*WORK REQUEST*. Where the data below contains pictures, omit them; output the rest word for word.

*SUPPLIED MATERIAL*.
--------------------

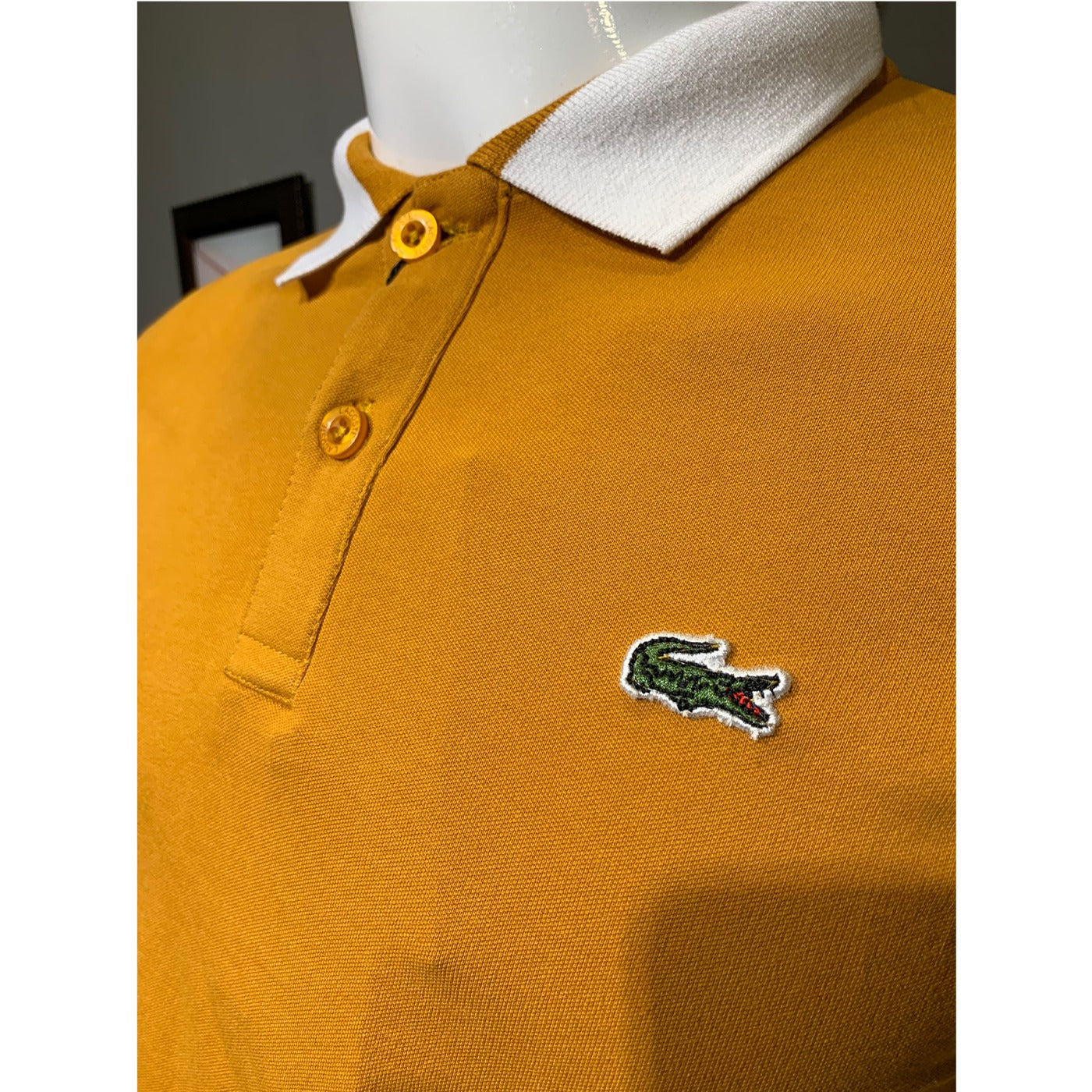 Lcste Raglan Sleeves Mustard Polo | Montivo Pakistan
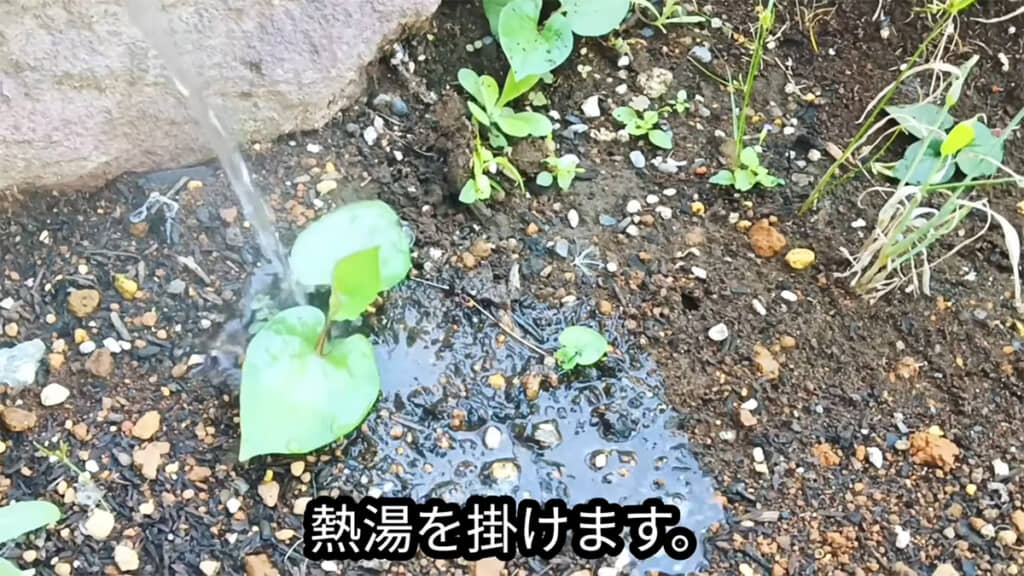 3カ所目には熱湯をかけます
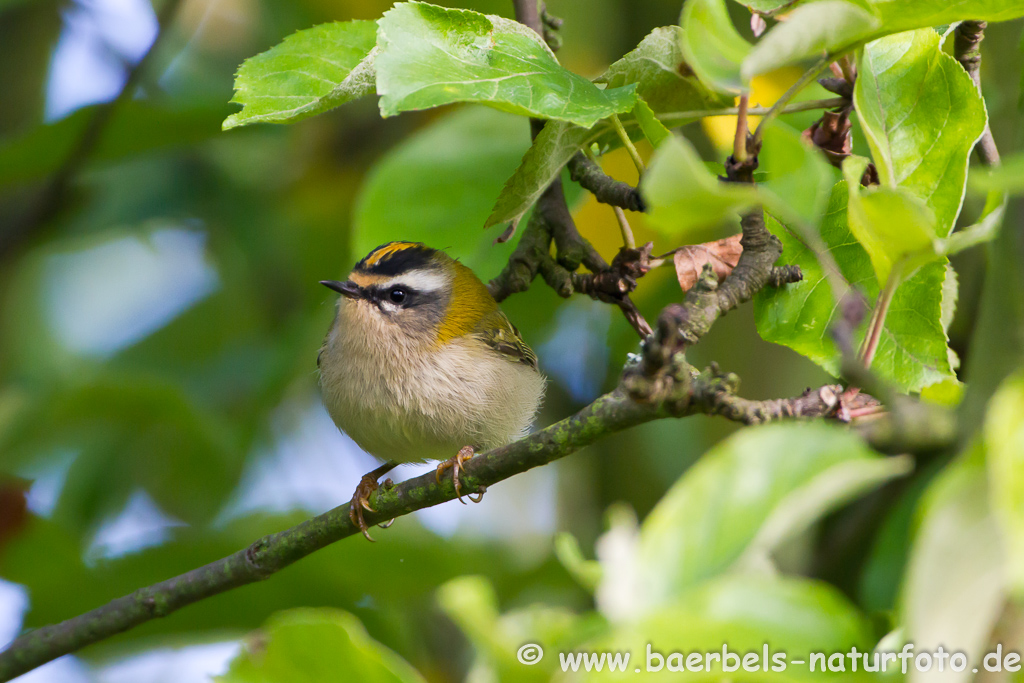 Sommergoldhähnchen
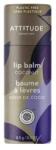 Attitude Leaves Bar Coconut balsam natural de buze 8, 5 g - vivantis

--------------------

*EXERCISE OUTPUT*.
 Lcste Raglan Sleeves Mustard Polo | Montivo Pakistan
 3カ所目には熱湯をかけます
 Sommergoldhähnchen
 Attitude Leaves Bar Coconut balsam natural de buze 8, 5 g - vivantis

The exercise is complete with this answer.